- _YOUR TASK_: Set down the data below exactly; pictures stay out.

- _RECORDS TO PROCESS_:
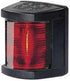 Hella 003562035 '3562 Series' 12V DC 1 NM Port Navigation Light with Colored Outer Lens and Black Housing...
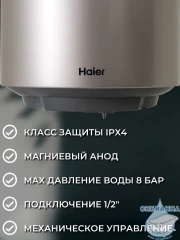Водонагреватель Haier V 50 л. GA0S41E1CRU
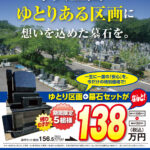 期間限定！牛久霊園のゆとり区画＋墓石セットを特別価格で販売中！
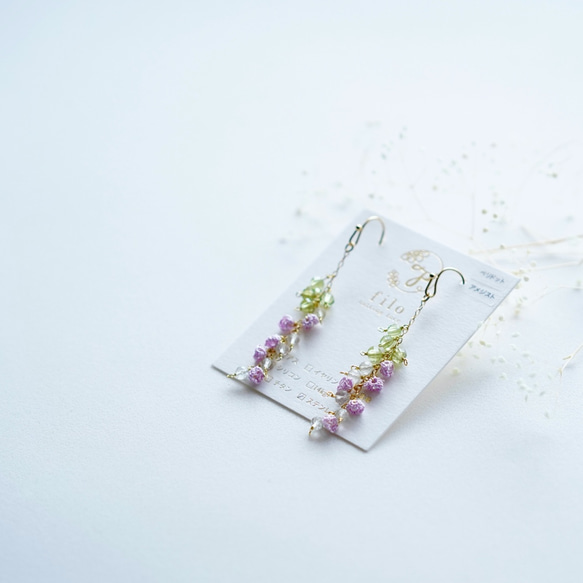 特集掲載】再販♦︎ペリドット.グリーンアメジストの藤の花 ピアス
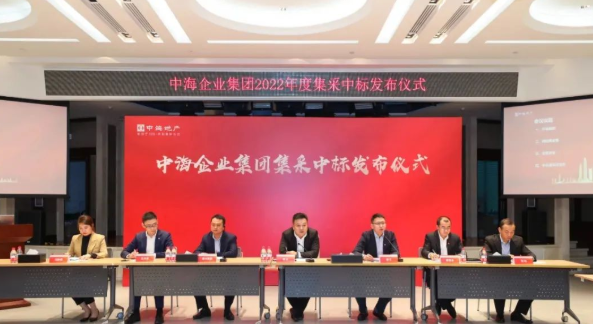 密封膠營收或提升，集泰股份中標中海企業(yè)集團！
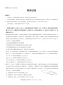 河南汽车维修平台APP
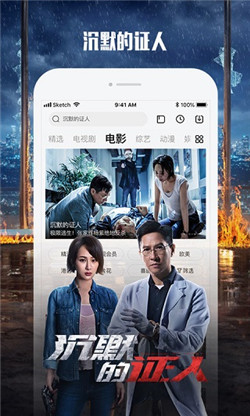 硬汉视频截图2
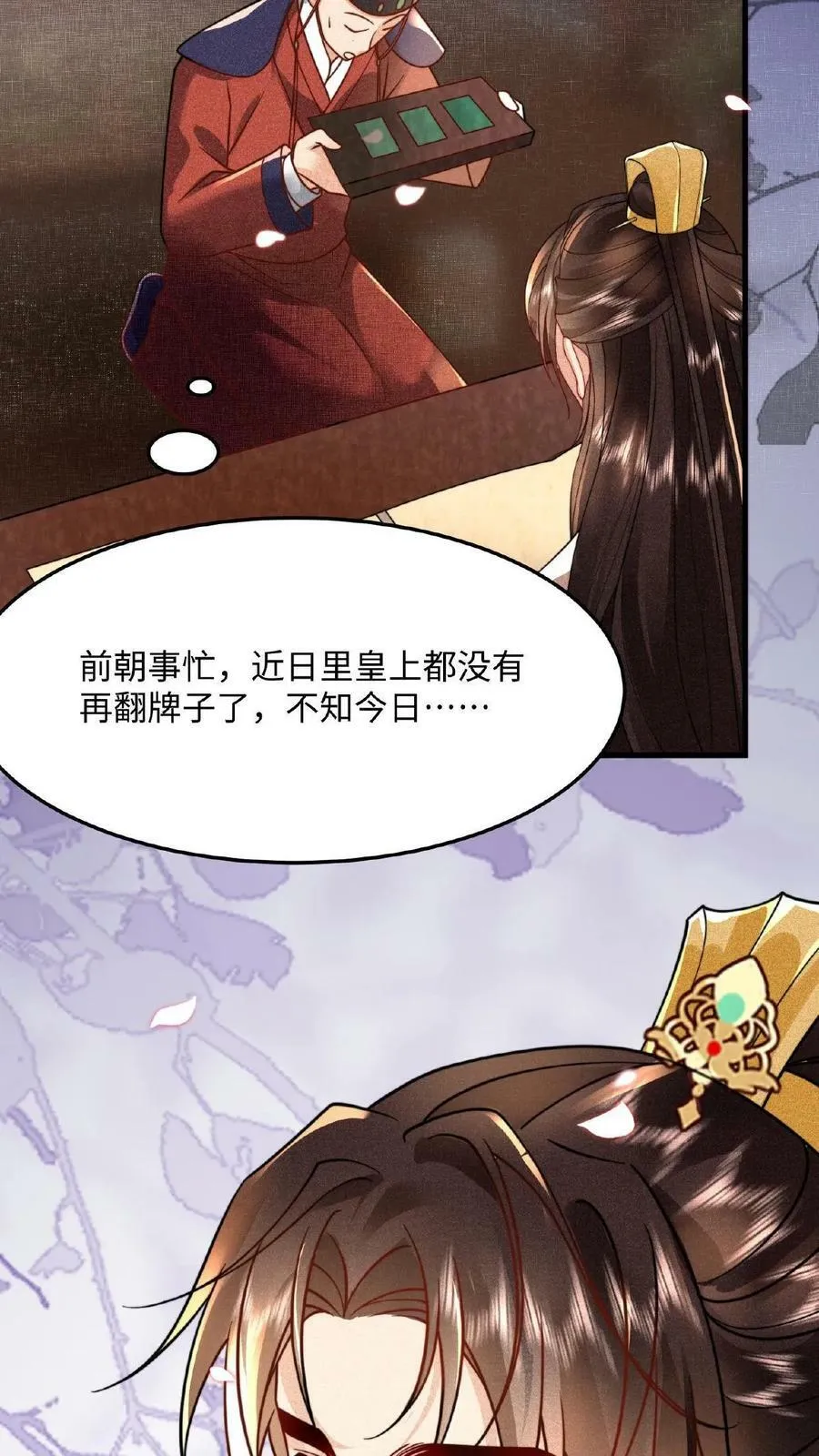 第16话 今晚是否要翻牌子31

- _OUTPUT BELOW_:
 Hella 003562035 '3562 Series' 12V DC 1 NM Port Navigation Light with Colored Outer Lens and Black Housing...
Водонагреватель Haier V 50 л. GA0S41E1CRU
 期間限定！牛久霊園のゆとり区画＋墓石セットを特別価格で販売中！
 特集掲載】再販♦︎ペリドット.グリーンアメジストの藤の花 ピアス
 密封膠營收或提升，集泰股份中標中海企業(yè)集團！
 河南汽车维修平台APP
 硬汉视频截图2
 第16话 今晚是否要翻牌子31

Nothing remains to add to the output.